Revolução, em maiúsculas
Não é hipérbole, antes realidade. O triunfo de André Villas-Boas, pela contundência dos números e pelo conteúdo das propostas, é um dos momentos mais marcantes na vida do FC Porto e na história do futebol português.
Não é empreitada simples efabular uma explicação solitária para a ascensão ao trono. Há, talvez, uma conjugação de sensações e necessidades associadas a ideias bem sustentadas, compatíveis com a modernidade que o futebol agora exige.
Os Números
80,3 por cento. Um número para os compêndios e a eternidade. Mais de 21 mil almas portistas gritaram «basta», cansadas da degradação financeira, desportiva e moral que corroía as entranhas do seu Futebol Clube do Porto.
A Deposição
O presidente cessante, incapaz de ler os sinais do povo e mal aconselhado por gente de interesses dúbios e desejos inconfessáveis, caiu com o estrondo clássico dos finais de intermináveis regimes. Jorge Nuno Pinto da Costa é o primeiro responsável por esta deposição. Teve na mão a honradez e escolheu a soberba; pôde optar pelo unanimismo e carregou na tecla da humilhação.

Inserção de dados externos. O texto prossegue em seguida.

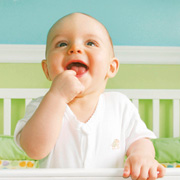 vue-bebe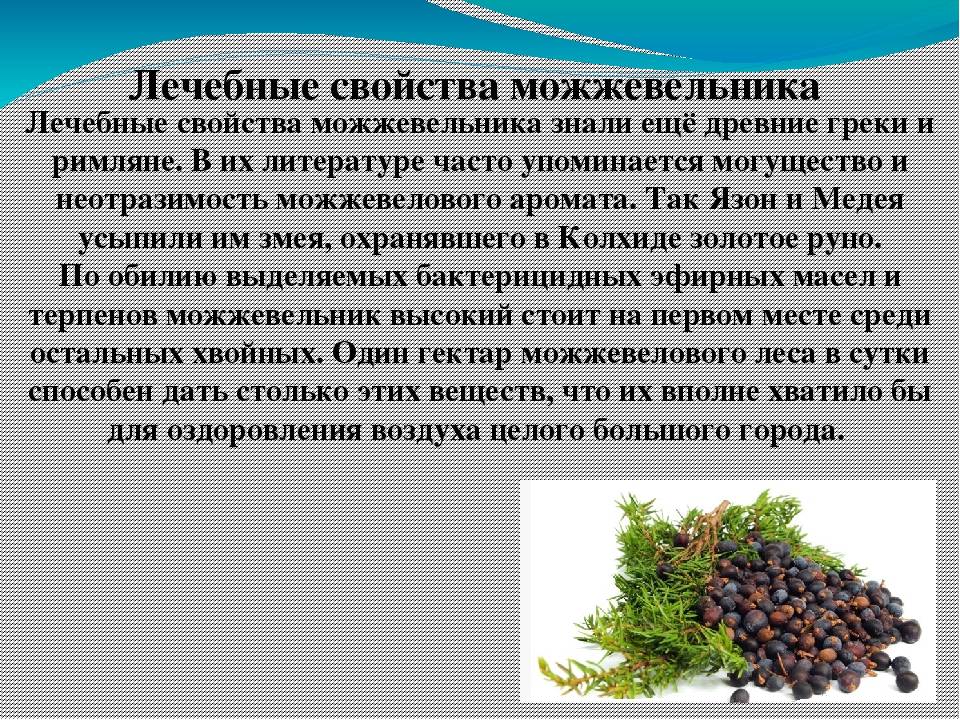 Масло можжевельника для красоты | травник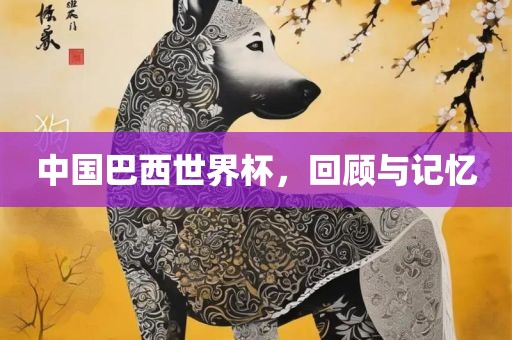 中国巴西世界杯，回顾与记忆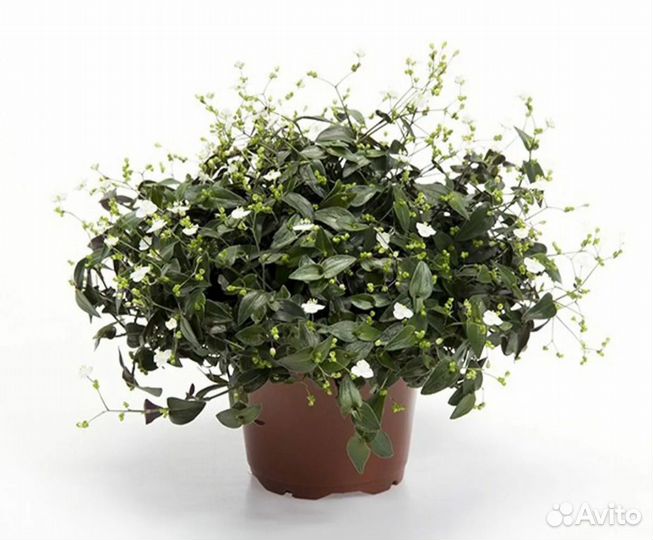 Традесканция гибазис фата невесты,каллизия зеленая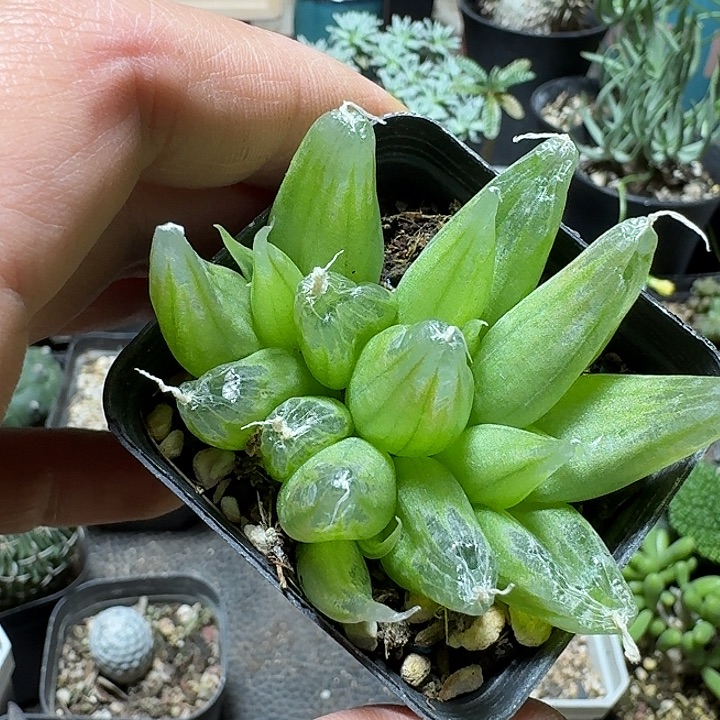 三***丶384玉翡翠带盆发货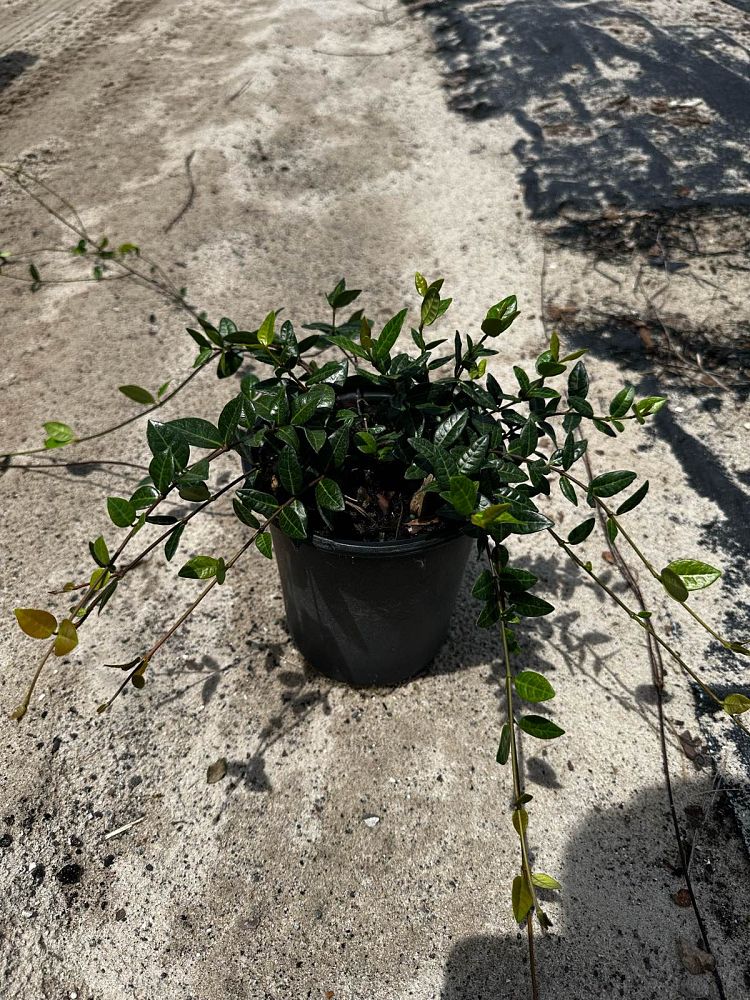 trachelospermum-asiaticum-asiatic-jasmine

Bastava um assomo de lucidez para ter abdicado em 2016 ou em 2020, quando o clube já se sentava ao colo de empréstimos mal intencionados e com taxas de juro incomportáveis.
As Sombras
A última década portista é uma história tenebrosa. Os Relatórios e Contas revelam boa parte desse pântano de dívidas e inconsciência, mas o puzzle da encenação desta SAD em fim de vida não é feito apenas de números. Como se explica a influência ubíqua de um tal Pedro Pinho em tudo o que é negócios? Basta ver quantas vezes surge a empresa PP Sports nas transações das últimas temporadas, quase em serviço de monopólio; e bastava, já agora, estar atento ao que se passava em corredores e túneis de acesso aos balneários, com esse senhor a primar pela presença simbólica em todo o lado.
Muitos se lembrarão, penso, da agressão perpetrada a um repórter de imagem da TVI em Moreira de Cónegos. Autor? Esse mesmo, a sombra de Pinto da Costa, negociador de dragão ao peito e que nunca, jamais, fez parte dos quadros do clube. O surgimento surpreendente de João Rafael Koehler não foge a este raciocínio. Passou de crítico a muleta de Pinto da Costa, portador de malas carregadas de dinheiro e ambições enigmáticas.
O Futebol
Desportivamente, a equipa foi mantendo uma razoável competitividade, interna e externamente, até à atual época. A pior da era-Conceição, ele próprio um ator imprevisível. Há uns meses considerava um absurdo renovar contrato com uma direção em final de mandato; a dois dias das eleições, renovou esse mesmo contrato - e desrespeitou, parece-me, a liberdade de escolha de André Villas-Boas e dos 21 mil sócios que o escolheram.
A Reação
Más Finanças, más companhias, resultados apenas razoáveis, ações de desespero (processo inenarrável da academia, acordo a 25 anos com a Ithaka)... e o que mais? Os gravíssimos incidentes da AG de 13 de novembro e a reação miserável de Pinto da Costa, de absoluta altivez e indiferença para com os sócios atingidos, são fundamentais para completar esta leitura.
A Operação Pretoriano foi, neste particular, decisiva para a abolição do medo e da repressão. Evitou que o Porto se transformasse numa città italiana dominada por forças mafiosas. Uma vénia à Justiça rápida e defensora do espaço público e social.
O Futuro
A Revolução de André. A exigência será altíssima, naturalmente, mas a equipa escolhida dão garantias de rigor e independência. Dão, porventura, a certeza da recuperação de um ambiente respirável no Dragão, queira a purga ser certeira e levar para bem longe figuraças e figurinhas que tão mal fizeram ao FC Porto.
Desafios, muitos desafios tem André pela frente. Escolher bem o treinador, repensar o plantel, modernizar as instalações, encontrar parceiros financeiros credíveis, acertar com os nomes para a formação e as modalidades, enfim, um projeto gigantesco. Pelo que diz, pelo que sabe e pelo que sente, André Villas-Boas é o homem certo no lugar certo. Basta seguir o caminho para onde o leva o coração.